Chun-houh Chen                                                Phone:     +886 2 27835611 ext. 407
Associate Research Fellow                                    Fax: +886 2 27831523
Institute of Statistical Science                               Email:     cchen@stat.sinica.edu.tw
Academia Sinica, Taiwan                                       URL: http://gap.stat.sinica.edu.tw/

Graphical exploration for quantitative/qualitative data acts as the initial yet essential step in modern statistical data analysis. All conventional graphical tools have their own limits: Scatterplot Matrix (SM) is useful for visualizing about only twenty variables; Box-Plot (BP) does not provide interactions between variables; Parallel-Coordinate-Plot (PCP) requires extensive conditioning for extracting overall information. Dimension reduction tools such as Principal Component Analysis (PCA) and MultiDimensional Scaling (MDS) also lose effectiveness when it comes to visual exploration of information structure embedded in very high dimensional data sets.

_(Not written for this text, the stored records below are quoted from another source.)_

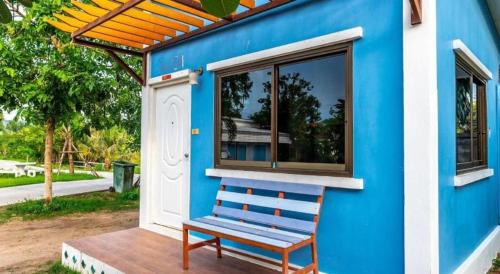 a blue house with a blue bench on a deck at BanRai ChernMa Resort in Tak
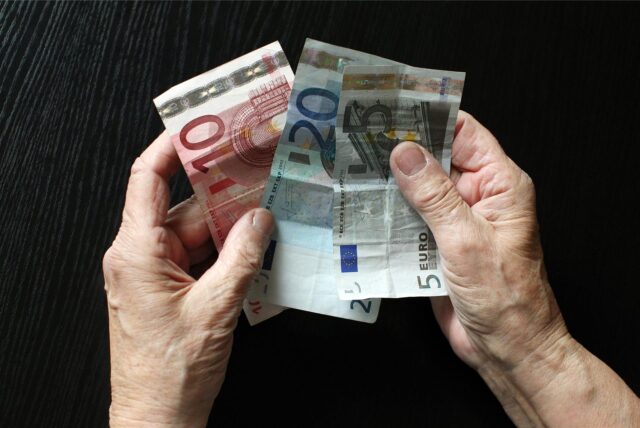 Ein älterer Mensch hat Geldscheine in der Hand.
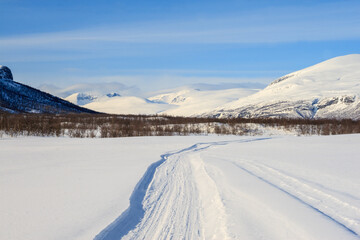 Fototapeta na wymiar snowmobile trail Lapland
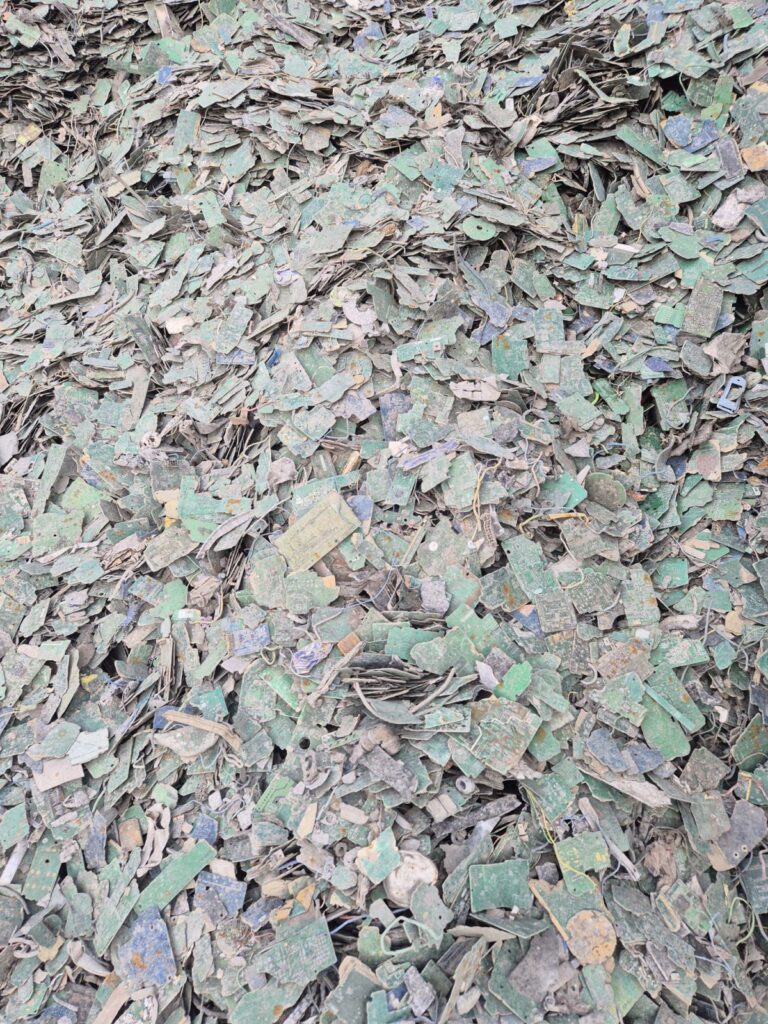 A heap of shredded circuit boards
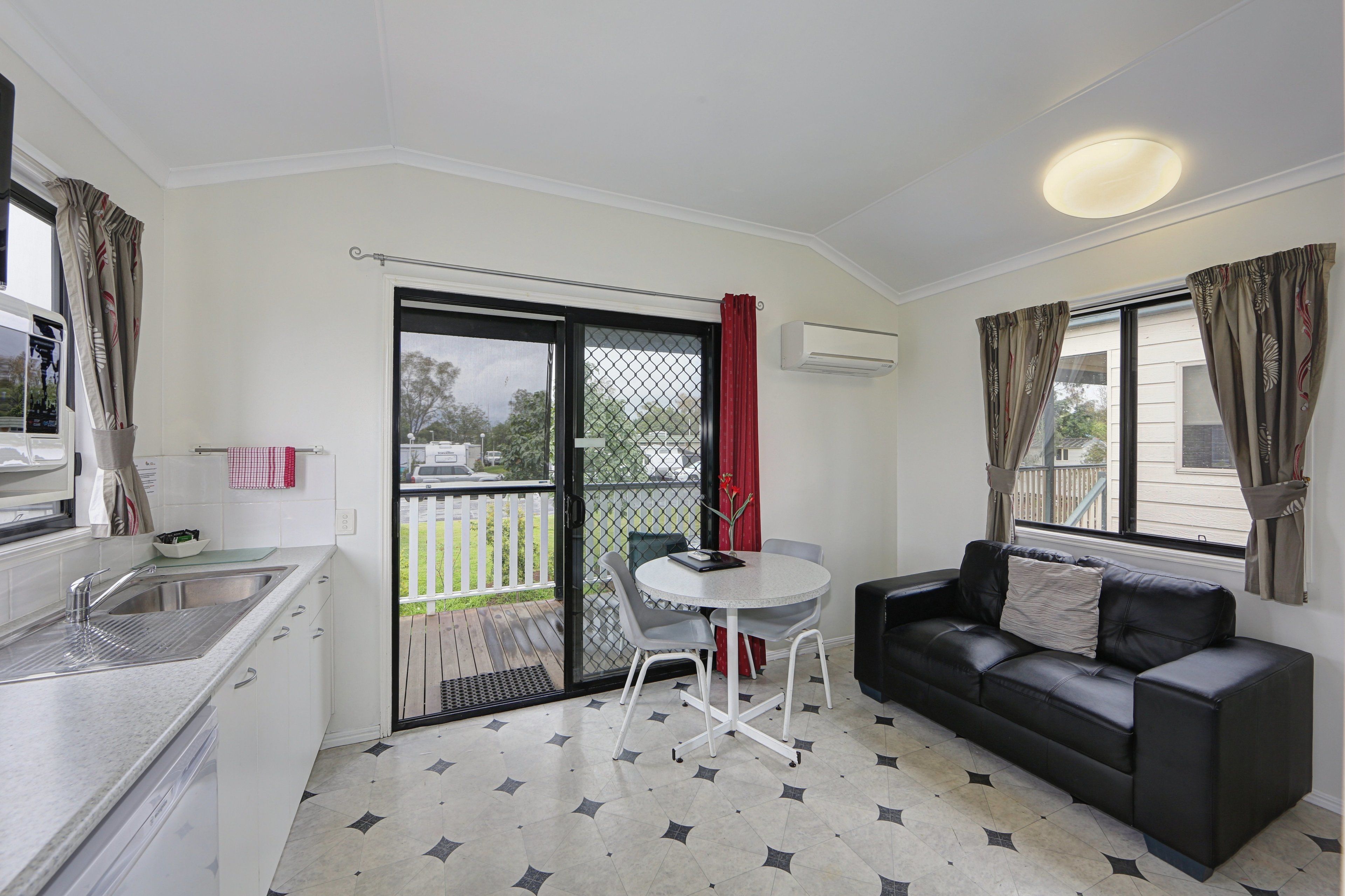 A compact kitchen with a sink, a dining area with a table and chairs, a black leather sofa, and a sliding glass door leading to a balcony.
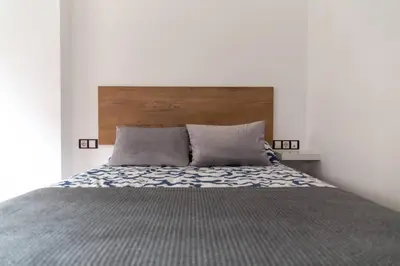 a bedroom with a bed with a wooden headboard at Norte y Sur by Gades Gestión in San Fernando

Matrix visualization (MV, Chen (2002); Chen et al. (2004)) on the other hand can simultaneously explore the associations of up to thousands of subjects, variables, and their interactions, without first reducing dimension. MV permutes the rows and columns of the raw data matrix by suitable seriation (reordering) algorithms, together with the corresponding proximity matrices. The permuted raw data matrix and two proximity matrices are then displayed as matrix maps through suitable color spectra, and the subject-clusters, variable-groups, and interactions embedded in the data set can be visually extracted. For binary, ordinal, and nominal data types, SM, BP, and PCP basically can not provide much visual information while MV still gives us comprehensive information about individual profiles for subjects and variables together with the interaction patterns of each subject-cluster on every variable-group.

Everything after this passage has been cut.